Before giving up on them completely, it might be worth having a heart-to-heart conversation. I’d leave out any criticisms of their grandparenting style, and hold off on airing any grievances, like how exhausted you are, or what you feel they owe you. Simply say it would mean a lot to you if they tried to build a special relationship with your children and ask if there’s anything you could do to help facilitate that. It could be, for whatever reason, they’re feeling defensive, and a heartfelt conversation free of any perceived criticism might inspire them to be more generous or present. It could also provide you with some important emotional context you might be missing. 

Then again, it might have absolutely no effect at all.  

If you have a second set of more involved grandparents, you could try to leverage that against them and inspire a spirit of competitive, inter-grandparental jealousy. You could even pretend the kids miss spending time with them, whether or not that’s strictly true. Those unmotivated by a sense of duty can sometimes be won over by flattery. 

There’s a possibility that they’re just awkward around the kids, and don’t know how to love them. I had one set of grandparents who specialised in ice cream and trips to the park. But I also had a close relationship with my grandfather, a kind but eccentric man who spoke to children as if they had a PhD in astrophysics and bought us advanced medical anatomy textbooks for our birthdays. He wasn’t the kind to throw sleepovers, but he found other ways to show affection, like writing letters on horse-themed notepaper and taking me to the orchestra to hear Bach’s Goldberg Variations. It wasn’t a traditional relationship, and I’m sure my parents pulled a lot of strings behind the scenes. But it was meaningful to me. 

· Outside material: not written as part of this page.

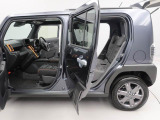 バックの苦手な初心者や女性にうれしいバックモニター 運転席の死角になる真後ろが確認できます。 (^^♪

If your parents fall into this category, perhaps they need a little coaching. Do they have any hobbies they could include the kids in? Going to the cinema? Gardening? Memorising every bone in the human body? The problem may resolve itself when your kids get older. Some people are just naturally awkward around very young children. 

There’s also the possibility that your parents will never truly step up to the plate. 

If you really can’t get through to them, that’s disappointing, and I feel for your kids, who I’m sure are completely adorable and deserving of love. But that doesn’t mean they have to miss out on miniature train rides and trips to the duck pond. If your parents don’t want to be involved, the next best advice is to build your own village. Do you have any other relatives nearby – brothers or sisters or cousins who have shown an interest? Any kindly neighbourhood witches or eccentric lesbian aunts? Perhaps you already have a few close friends who adore your kids and might be honoured to be appointed godparents. You might be surprised at who is willing to step up, if invited. 

I hate giving this kind of advice because ideally we would live in a society where the burden of caring for children wasn’t the sole responsibility of the parents. But ultimately that genetic connection isn’t nearly as important as the experience of being loved unconditionally and spoiled absolutely rotten. If your parents aren’t up to the task, that doesn’t mean your kids will never have the kind of love your grandparents lavished on you. Just that you might have to look beyond your immediate family to find it.